The campus novel. It’s a genre that evokes ivy-covered buildings, mysterious cliques, sometimes murder. And it’s a phrase that seems to be splashed over an overwhelming amount of marketing. So many college-set novels are sworn to be the “new Secret History" (disclaimer: they never are), relying on the nostalgia-infused dark academia that we’re all familiar with.
Grace Murray’s Blank Canvas doesn’t try to do this. Charlotte, a student at a small liberal arts campus in upstate New York, begins her final year with the lie that her father died over the summer. Despite being a coming-of-age tale, it lacks that sentimentality. Murray’s writing style is sharper, more disengaged; although she frequently acknowledges the act of freezing a moment in time to look back on as a happy memory, we as a readership feel none of this. Charlotte’s lie to her college counterparts is one that earns her both friends and a new relationship through sympathy, and it’s something you know from the offset will inevitably catch up with her.
The reading experience feels slightly numbing. Murray’s tone is reminiscent of a current trend in literature for a certain detached malaise in narration around female protagonists (think Anika Jade Levy’s Flat Earth, which I thoroughly enjoyed) and Charlotte’s college experience exemplifies this. Her love interest, Katarina, complains of knowing nothing about her – and this isn’t something only she faces; we do as well. This isn’t to say that the writing falls flat, though; there are multiple instances, including a scene centred around ins-and-outs lists at a college party, that feel witty, current and give the book a real, spiky levity.
The novel’s emotion, then, comes from the nail-biting and unavoidable reveal, set in a sun-soaked Italy, to Charlotte’s peers that her father is in fact alive.

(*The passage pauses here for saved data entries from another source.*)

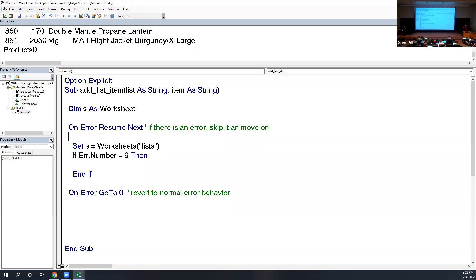This is a pair: 'On Error Resume Next' says skip errors, 'On Error GoTo 0' reverts to normal. The reason for 'GoTo 0' is historical — in early BASIC you numbered every line starting from 1, so line 0 was impossible to go to. By saying 'go to line zero on error' you're trying to do something impossible, and the language interpreted that as 'go back to your normal way of handling errors.' That's just how we say it.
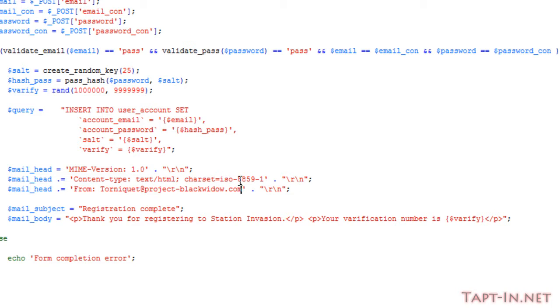So we've got the MIME version of 1.0, we've got a content type of text/html with a character set of ISO-8859-1, and then we have the from email address, which I'm just putting my email address.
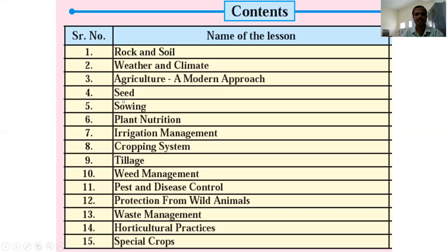The fourth lesson is Seed. In the Seed lesson, we learn about the different types of seeds and the different germination processes of seeds.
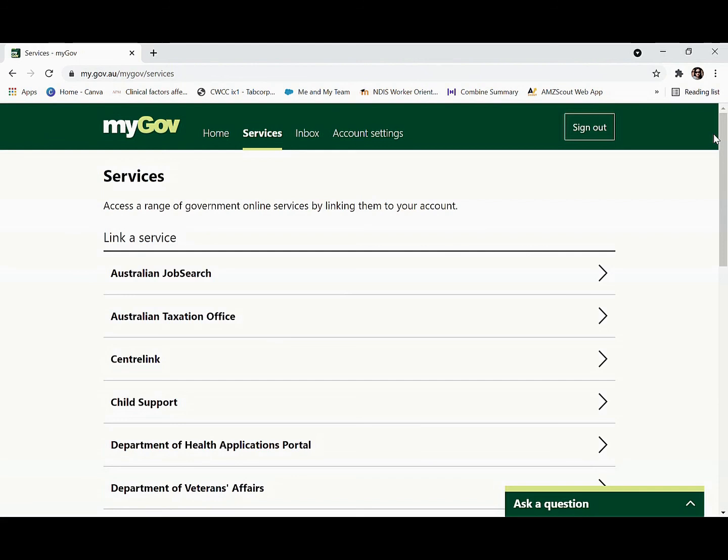Your myGov account is officially created now. Thank you so much.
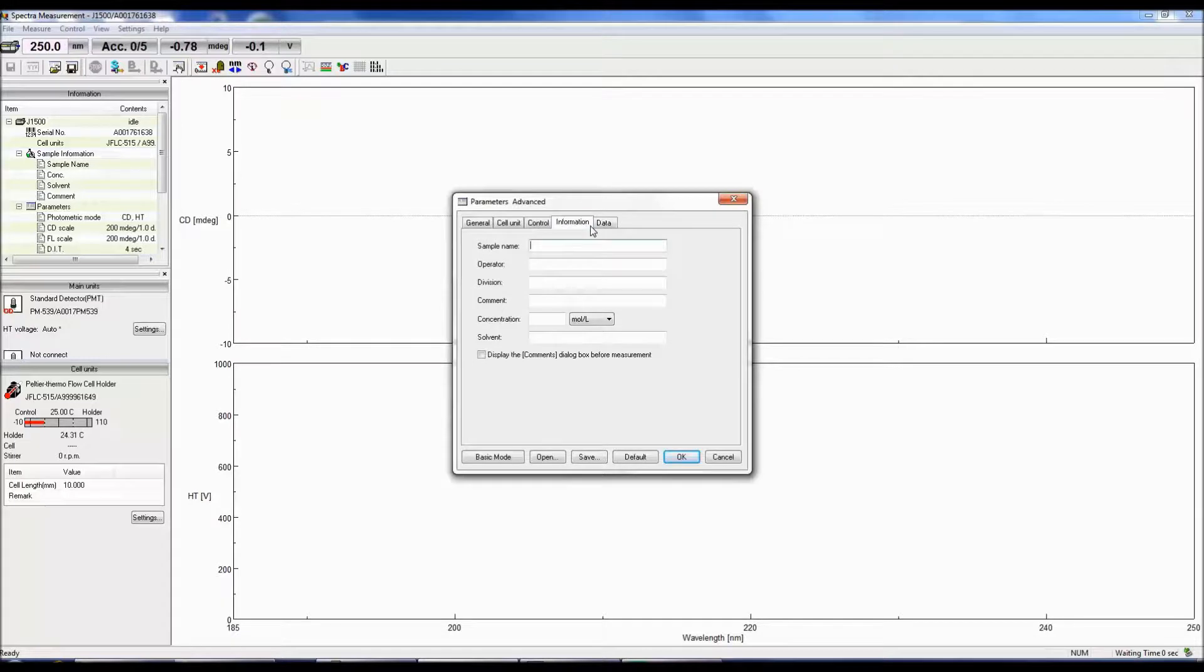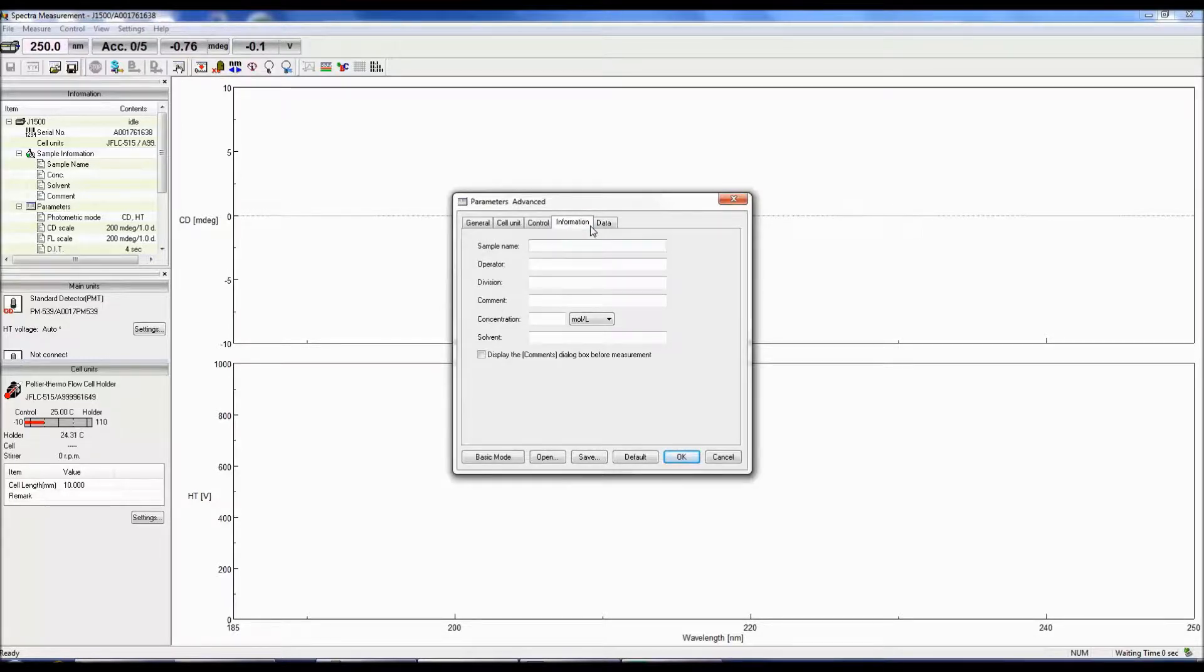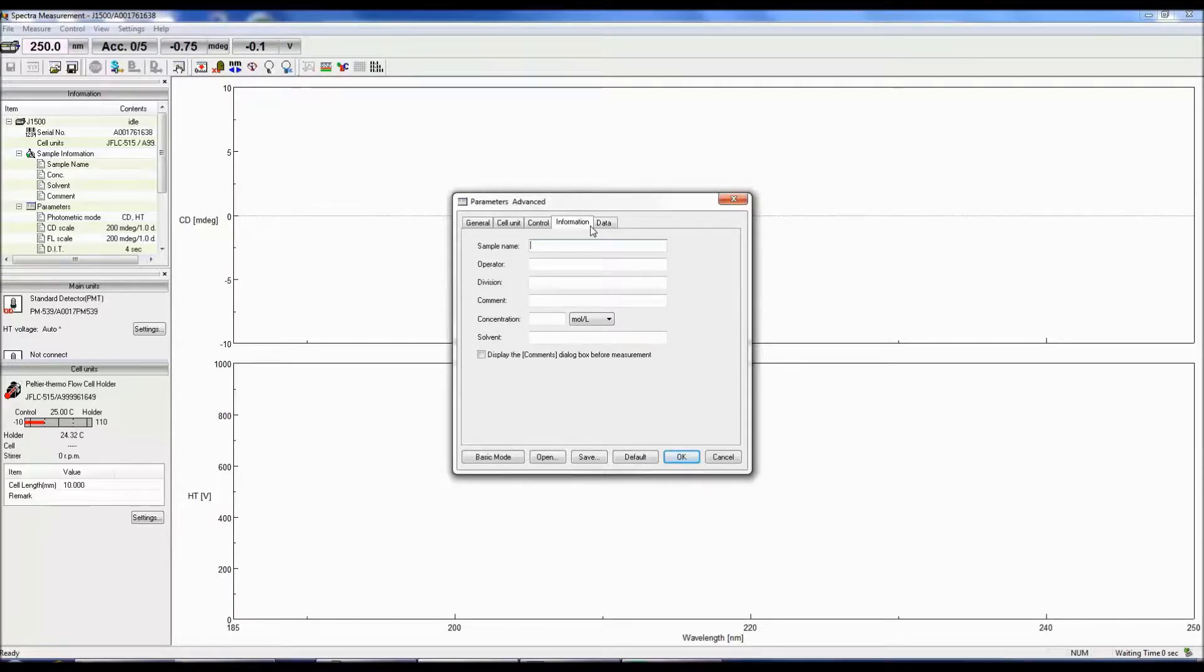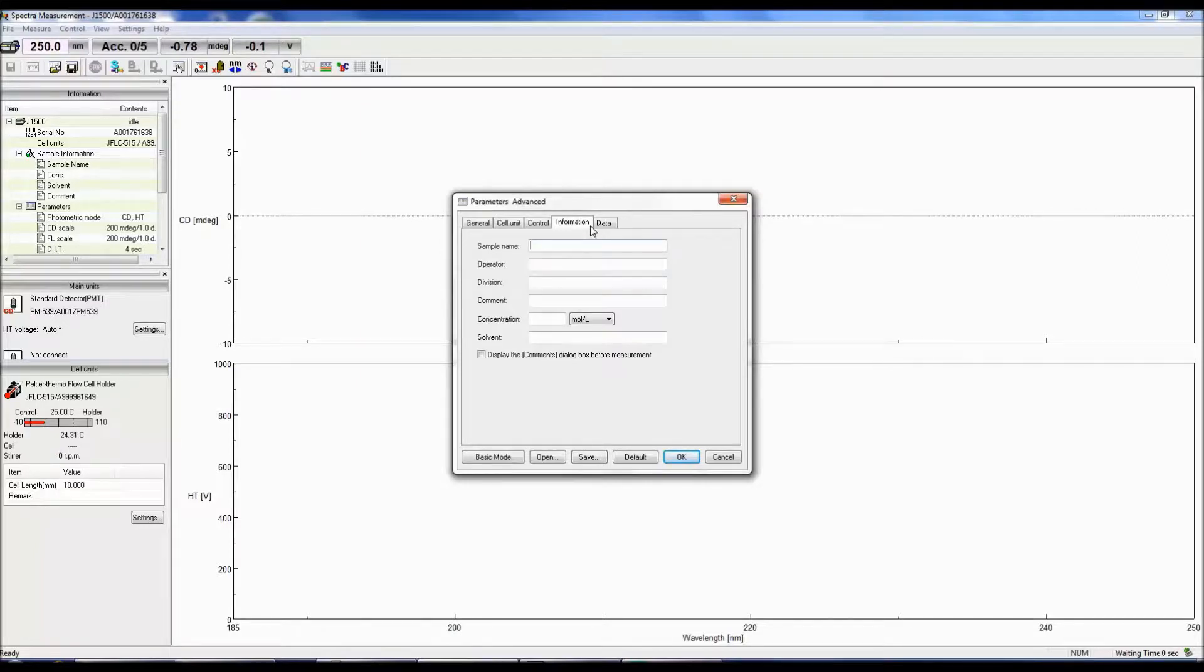The information tab allows you to populate the desired fields such as sample name, concentration, and solvent. These comments can also be displayed in the comments dialog box before the sample measurement. All information provided here can be later viewed in the information tab and spectra analysis for each spectrum.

The interactions between the two show a tenderness and complexity that mark a stark contrast to the rest of Murray’s narration; his knowledge that Charlotte is ashamed of him, and the secret behind the breakdown of their relationship, is all dealt with deftly and poignantly. The novel doesn’t shy away from questioning how far the bounds of familial love and loyalty can go, and this is where it really shines.